To great-grandson Charley Flanagan, he’s just Baba.
Lujack will see Flanagan, a senior captain and tight end for St. Thomas Academy and the oldest of his eight great-grandchildren, play in a varsity football game for the first time Friday.
“It will be a big thrill,” Lujack said this week by phone from his home in Bettendorf, Iowa. He spends winters in California with Pat, his wife of 67 years.
“He’s a tight end so I don’t have much information for him,” Lujack said. “Just play tough.”
Flanagan, whose Cadets play host to Simley, said: “It’s definitely a special game for me. But I have to execute what the coaches tell me to do.”
So far this season, that has meant blocking; Flanagan has caught just two passes for the Cadets (1-2). But neither a lack of receptions nor victories has Flanagan down.
“We aren’t where we want to be, but being 1-2 doesn’t define our season,” Flanagan said. “We need to stay the course because we know we’re better than that.”
He learned resiliency watching his great-grandfather, who underwent spinal surgery at the Mayo Clinic in 2014. Numbness caused by spinal stenosis meant facing possible paralysis or undergoing a five-hour procedure, said Amy Flanagan, Lujack’s granddaughter and Charley’s mother.
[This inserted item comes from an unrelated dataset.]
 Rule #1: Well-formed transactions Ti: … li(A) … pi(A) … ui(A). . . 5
Intense rehabilitation followed surgery.
When Charley was just a month old, Baba held him for the first time. Now it was Charley’s turn. Gently placing his arm on Baba’s back to steady him, the two paced the hall of the rehabilitation floor.
“Even at his age, he felt he still had a lot of life to live,” Amy said. “He’s not a quitter, and that made an impact on Charley.”
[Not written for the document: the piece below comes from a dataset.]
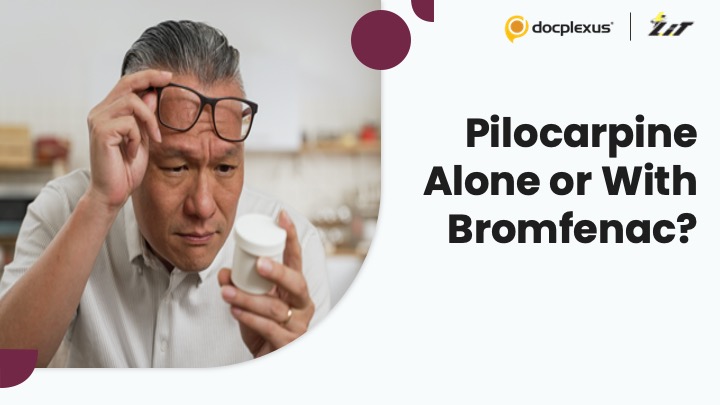 Pilocarpine Alone vs Combination Therapy: A Better Approach to Presbyopia?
Flanagan has long been enamored of his great-grandfather. They have attended Notre Dame football games together since Flanagan was 5 years old. Highlights include meeting favorite Irish players such as Giants pitcher Jeff Samardzija, who gave him gloves, and Kyle Rudolph, now a Vikings tight end.
Flanagan marveled at the scores of fans asking Lujack for a handshake, autograph or photograph. But the youngster also noticed the way he treated the staff at restaurants with respect.
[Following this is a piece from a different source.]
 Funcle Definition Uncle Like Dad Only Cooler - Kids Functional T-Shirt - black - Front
“He’s just a kind, good person,” Flanagan said.
The lesson stuck. St. Thomas Academy coach Jason Sedlak called Flanagan “a positive young man who goes out of his way to pick up teammates.”
Lujack and Flanagan also share a love for competition across the athletic spectrum. Growing up in Connellsville, Penn., Lujack earned varsity letters in football, basketball, baseball and track and field — a feat he matched at Notre Dame. He won the Heisman Trophy in 1947 playing quarterback, defensive back and punter for the undefeated Irish.
Flanagan, 6-3, 210 pounds, plays varsity football and lacrosse. And he played goalie for the Cadets’ Junior Gold B hockey state championship team.
“I think it’s great whether he’s playing one sport or three or four,” Lujack said. “You’ve got to feel it in your heart.”
Lujack appeared on the cover of Life magazine 69 years ago this month, kneeling in Notre Dame’s green jersey and gold pants, and cradling a football in his right arm. Charley received a signed copy of that Life cover for his birthday five years ago that read: “To a great great-grandson. Love, Baba.”